He didn’t talk specifically about the chip, and there are no additional details on Samsung’s RISC-V CPU.
The CPU could be a low-performance RISC-V processor in Samsung’s memory-based chip to run specific tasks defined by software kit functions.
RISC-V isn’t yet at a stage where it can reliably function as a high-performance CPU. It doesn’t offer the performance of a CPU based on Intel’s x86 architecture or ARM, and it has poor software support.
RISC-V CPUs are built on an open-standard instruction set, which is free to license. Nvidia, Apple, and many chip providers are already putting RISC-V microcontrollers in their chips powered by ARM CPUs. Intel’s NIOS FPGA also has a RISC-V CPU.
Europe, China, and Russia are also building sovereign chips based on RISC-V CPUs. These countries prefer not to be locked into proprietary designs from Intel, AMD, or ARM. Semiconductors are weaponized as a geopolitical tool to dictate trade terms between countries.
Samsung uses an open-source toolkit promoted by the UXL Foundation for AI applications to run on its in-memory AI accelerator. It also supports OpenMP and OpenACC, which provide a hook to latch onto Nvidia’s GPUs.
Andrew Richards, CEO of Codeplay, which is owned by Intel, said during the ISC session that the UXL Foundation software kit provides a base for hardware companies to innovate new hardware.
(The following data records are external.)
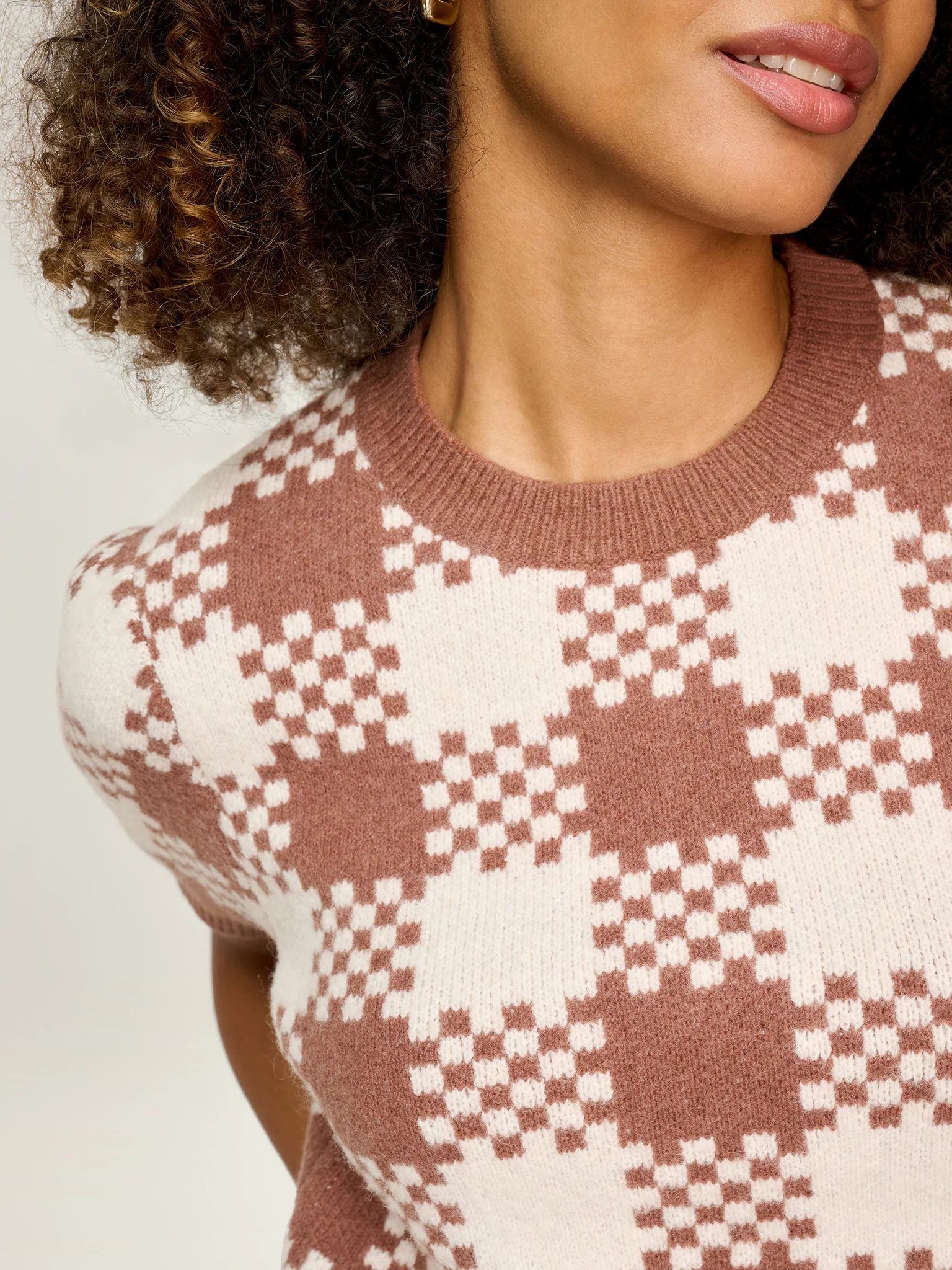 Lexi Weave Top in Brown and Cream - Image 3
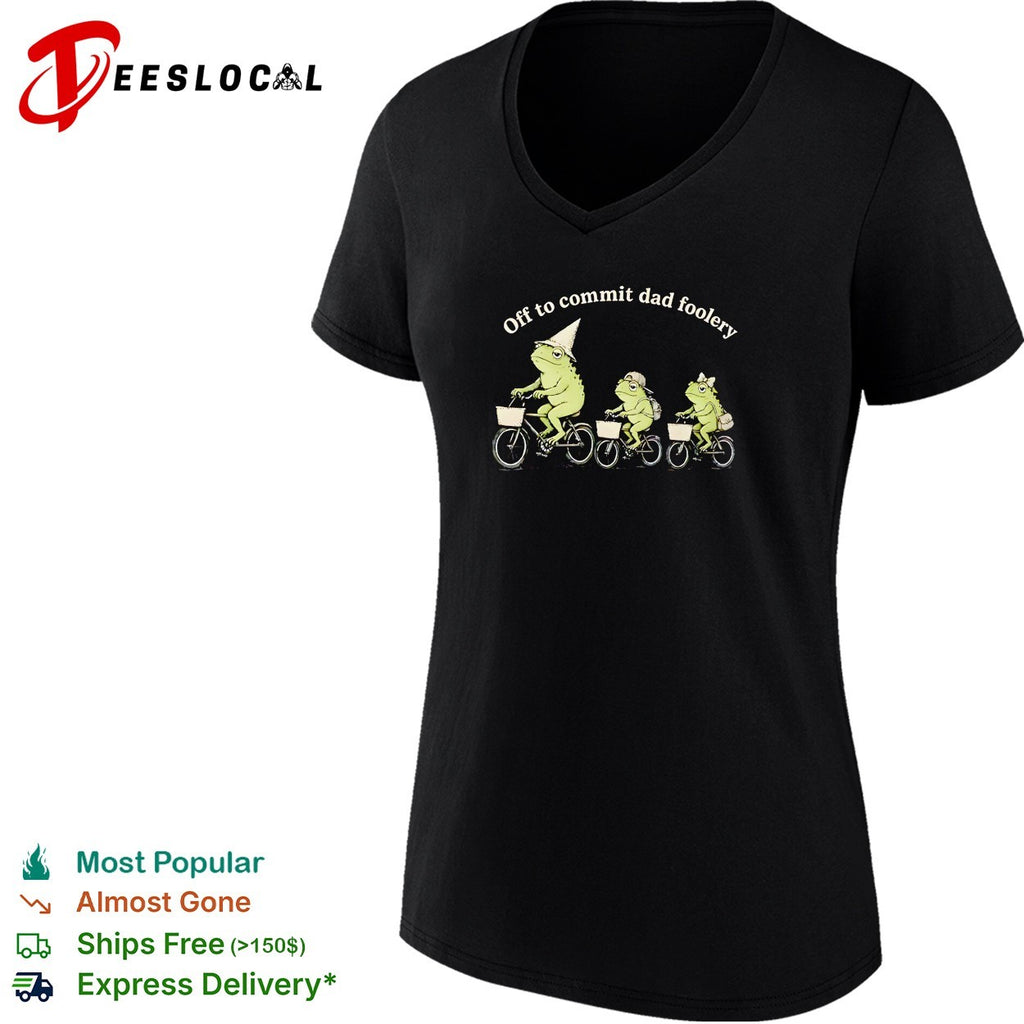 Off to commit dad foolery three frogs riding bicycles family humor art shirt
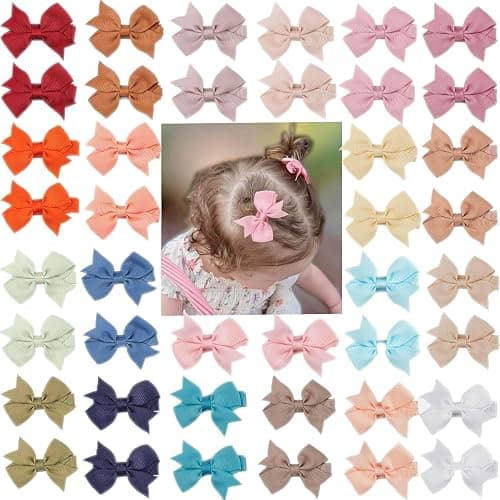 CÉLLOT Hair Clips for Girls - 42PCS Fully Lined Hair Bows Alligator Clips for Toddlers, Infants, Kids, 21 Color Pairs - Image 1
Richards said a tool called SYCL—which is at the heart of UXL Foundation’s software toolkit—provides a ready-made framework into which new hardware can be plugged in.
Users can use SYCL to move AI applications from Nvidia’s GPUs to other AI processors.
Samsung’s Bongjun said bringing SYCL to near- and in-memory processing use cases was challenging.
Samsung abstracted its underlying low-level SDK to the OneAPI-based software stack. OneAPI is Intel’s parallel processing framework for AI and HPC, which includes SYCLomatic, a SYCL tool.
“It was quite easy because we decided to design the processing in-memory, near-memory API as aligned with the SQL group functions. I can say that it was a little bit complex regarding the implementation,” Bongjun said.
Richards responded: “When we designed SYCL, we weren’t thinking about processing in memory. You’ve extended SYCL with some of the special features of your processor in memory.”